= Martine Labbé =

Belgian operations researcher

Martine Labbé (born 5 January 1958) is a Belgian operations researcher known for her work on mathematical optimization, facility location, and road pricing. She is an honorary professor of graphs and mathematical optimization in the department of computer science at the Université libre de Bruxelles, editor-in-chief of the EURO Journal on Computational Optimization, and a former president of the Association of European Operational Research Societies (EURO).

==Education and career==
Labbé is originally from Brussels. She was educated at the Université libre de Bruxelles, earning a bachelor's degree in 1978, a master's degree in 1981, and a Ph.D. in 1985. Her dissertation, Essays in Network Location Theory, was supervised by Simone Huyberechts.

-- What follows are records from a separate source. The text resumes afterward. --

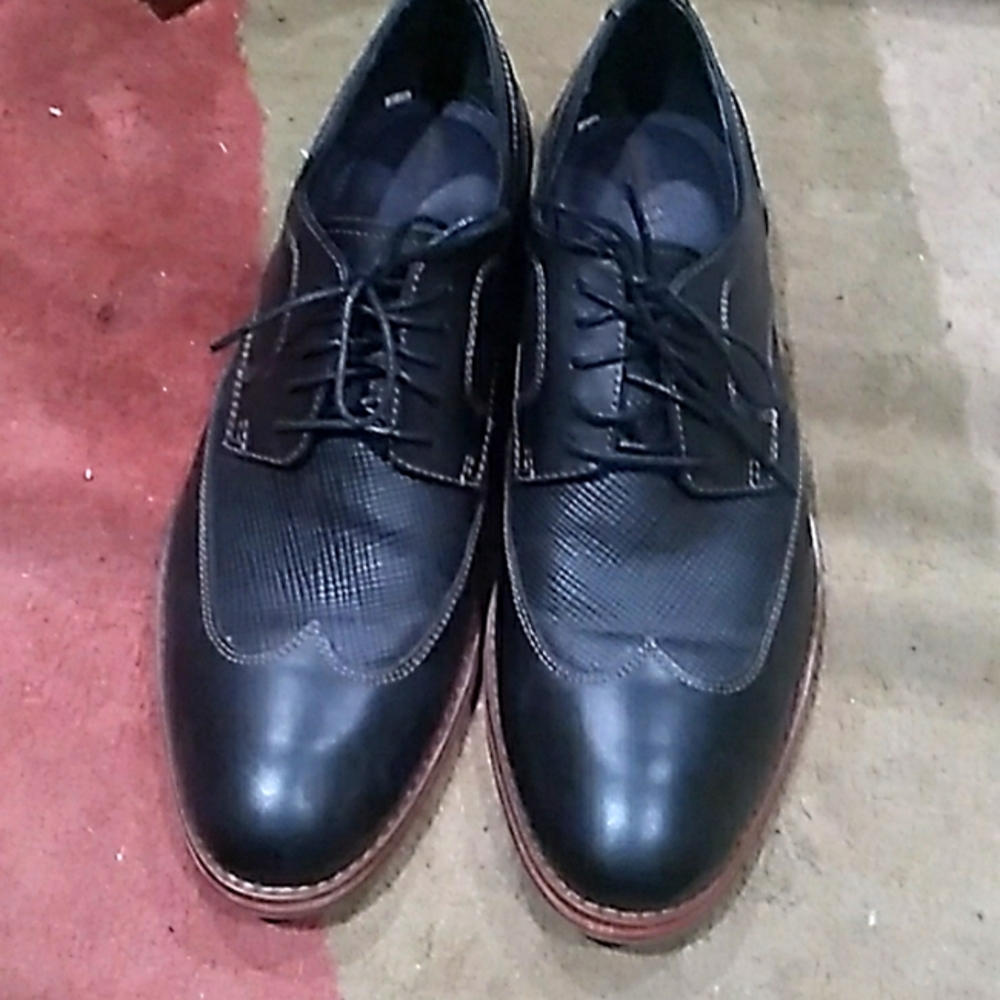 Men Johnston and Murphy dress shoes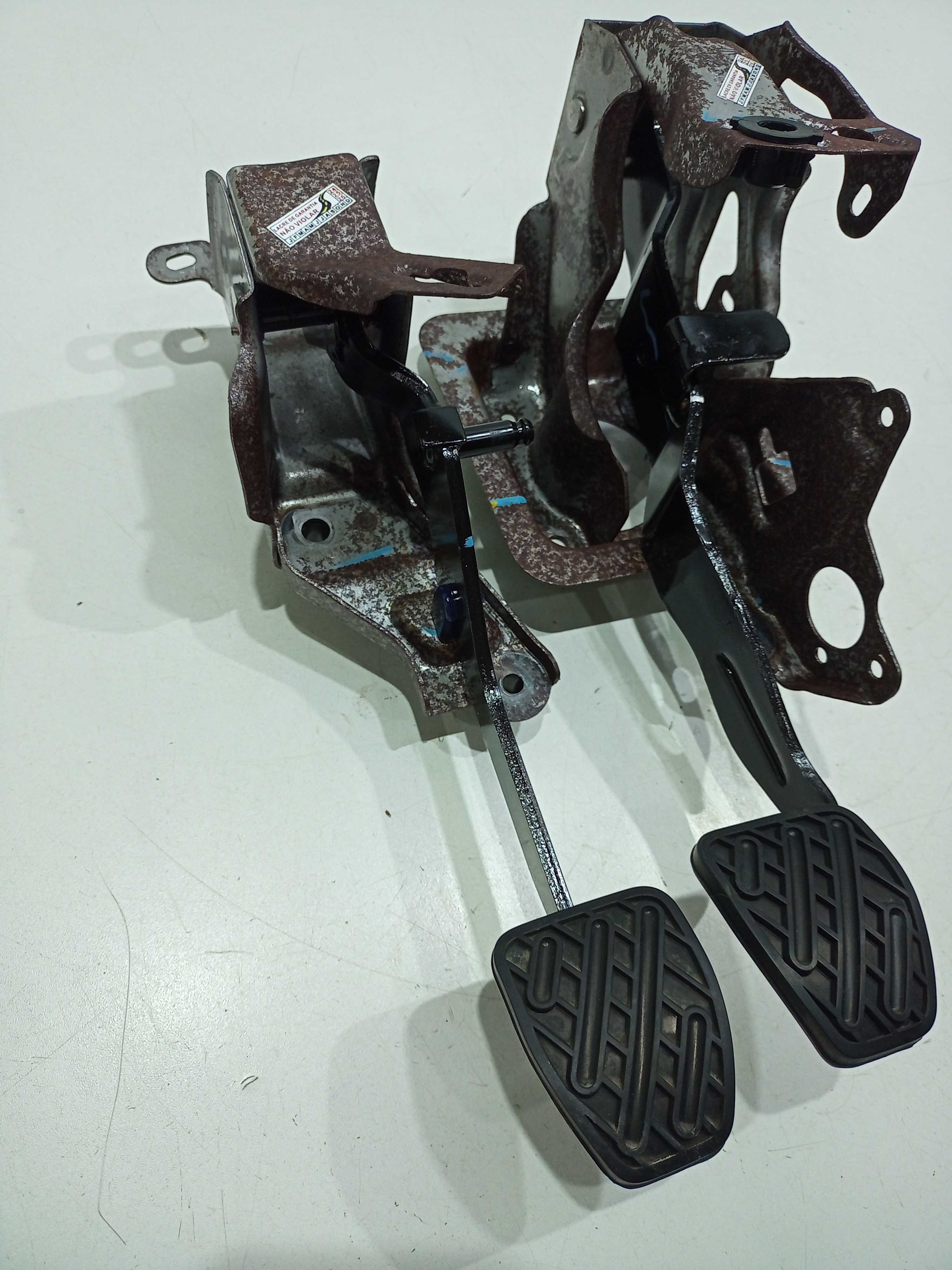 Pedaleiras Nissan Versa 1.6 S 2019 Manual 4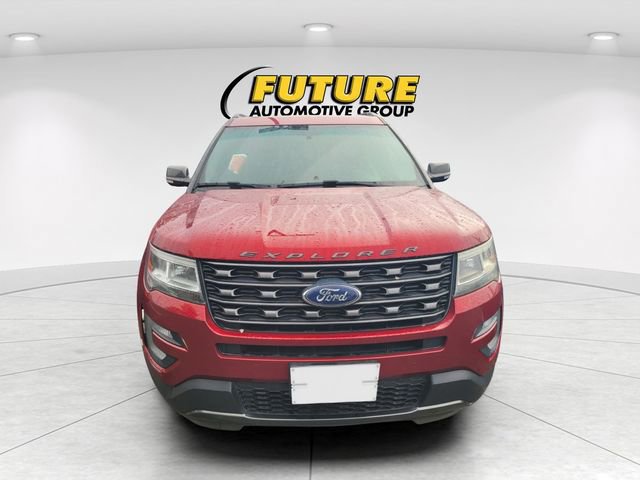 Certified 2017 Ford Explorer XLT w/ Equipment Group 202A FWD image 4
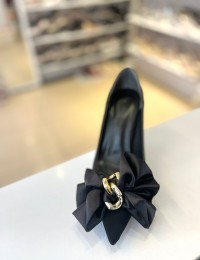 Siyah Gold Toka Kırışık Kumaş Detay Sivri Burun Stiletto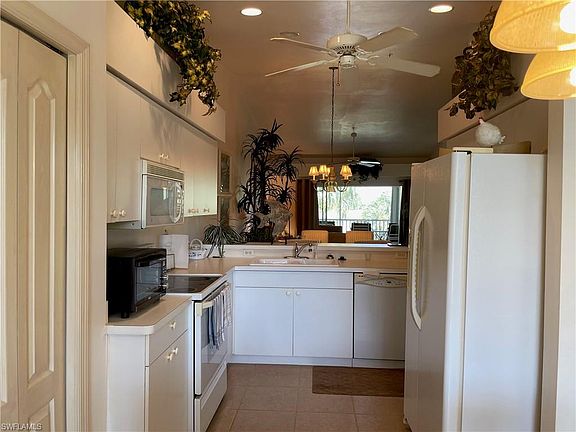 2nd image of 26991 Clarkston Dr Unit 8205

After a visiting position at Louis Pasteur University she became an assistant professor at Erasmus University Rotterdam in 1988. She returned to the Université libre de Bruxelles as a researcher for the National Fund for Scientific Research in 1992, became a faculty member in the Institute for Statistics and Operational Research (ISRO) in 1995, and was promoted to full professor in 2000. She was president of ISRO for 2003–2004, dean of sciences at the Université libre de Bruxelles for 2007–2011, and president of the Association of European Operational Research Societies for 2007–2008. She retired to become an honorary professor in 2019.

She is editor-in-chief of the EURO Journal on Computational Optimization, a position she has held since 2011.

==Recognition==
Labbé was the 2019 winner of the EURO Gold Medal of the Association of European Operational Research Societies.